Declaration of VAR

and some other stuff

Server-side analytics in .NET Core

2018-07-29 18:28:00 +0200

2018-07-29 18:28:00 +0200 | Comments

Google Analytics is a good tool for analyzing your website audience, but it uses client-side code (JS), which is not always reliable, because you don’t control what’s happening there, and users can simply disable GA scripts (web-browsers even start to block such tracking out-of-the-box).

More reliable way to analyze your visitors would be a server-side analytics.

Why to use server-side analytics

I mean, come on, you own the server, so your analytics numbers will be much more precise (or actually, absolutely correct) - it’s just inevitable, because every request goes through your server, and you can count and analyze them. On top of that you won’t be dependent on a 3rd-party instance, so you won’t share your (and your visitors) data with it.

Speaking about numbers being more precise. Right now GA tells me that there were 3 visitors on my website today.

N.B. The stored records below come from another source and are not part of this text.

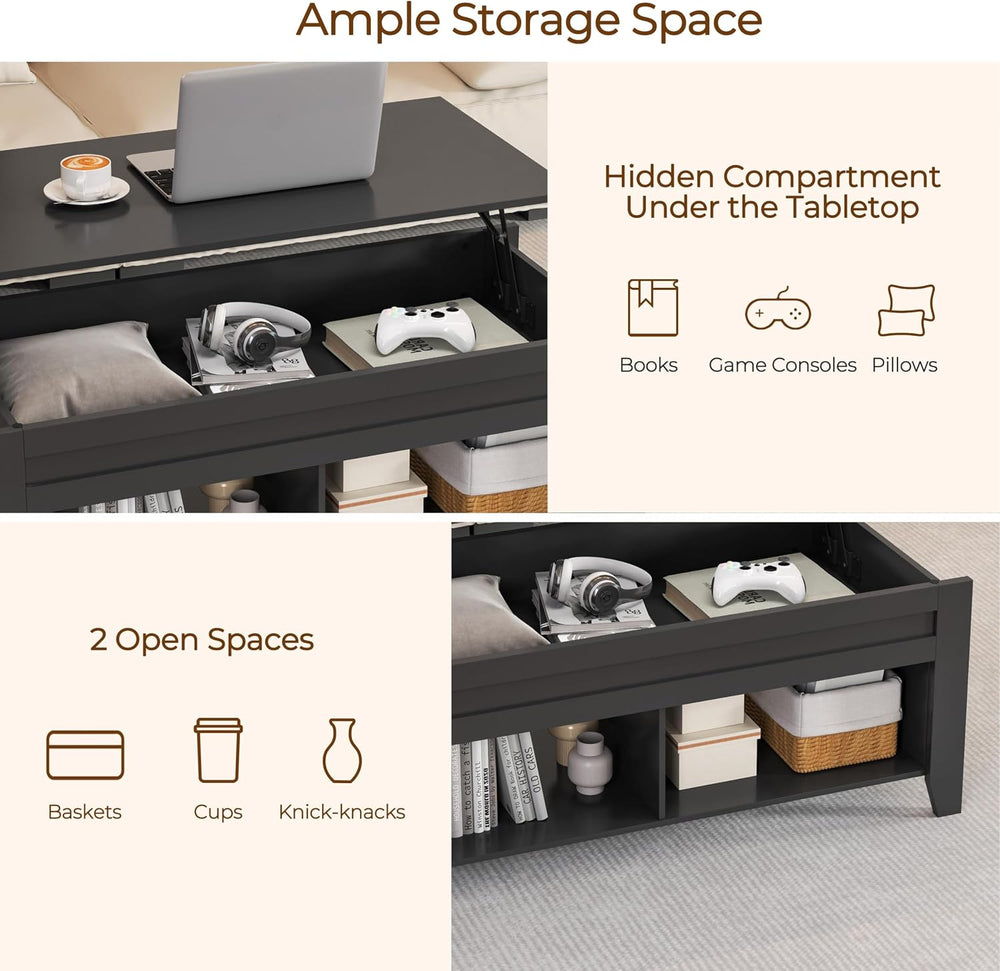 Yaheetech 39.5" Lift Top Coffee Table with Storage Shelf, Black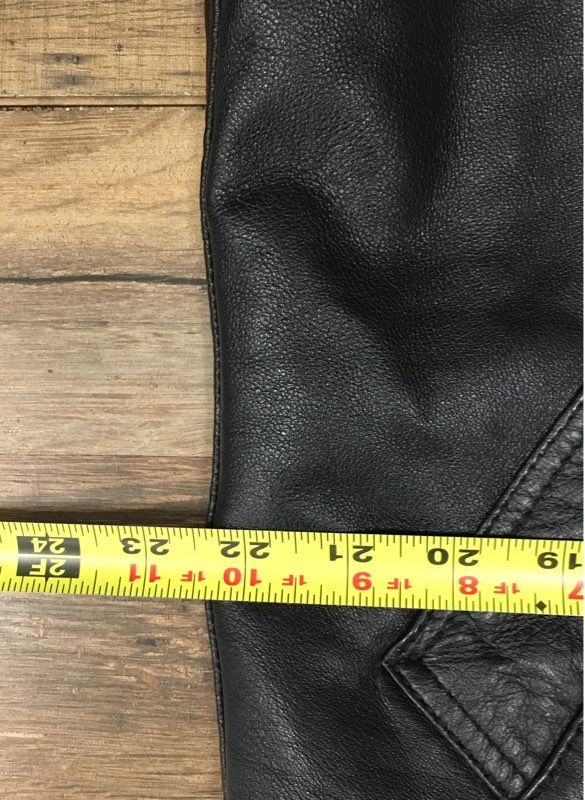 Real Leather Men's Black Faux Shearling Lined Flight Bomber Jacket Sz 25 P2P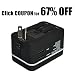 i-SUPERSIM Travel Adapter, Mutil-Nation Travel Adapter With Dual USB Charger for USA EU UK AUS, covers more countries, Universal Safety Fused, Black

Whereas according to my analytics I had 34 visitors without bots and 45 in total.

There are downsides though.

First one is the increased workload on your server. The more visitors you have (requests per second), the more loaded your server will be (database, mostly). And if you have quite a large daily audience, you might simply run out of hardware resources to process all that. But if you do have a large daily audience, then I guess you can spend some money on your infrastructure.

Another disadvantage of your own analytics comparing with the GA scripts is that you’ll have to do lots of things yourself. For example, separating real human visitors from web-crawlers/robots or getting geography of your visitors based on their IP-addresses (by the way, several users can have the same IP-address). But we’re not so easily scared by the difficulties, are we.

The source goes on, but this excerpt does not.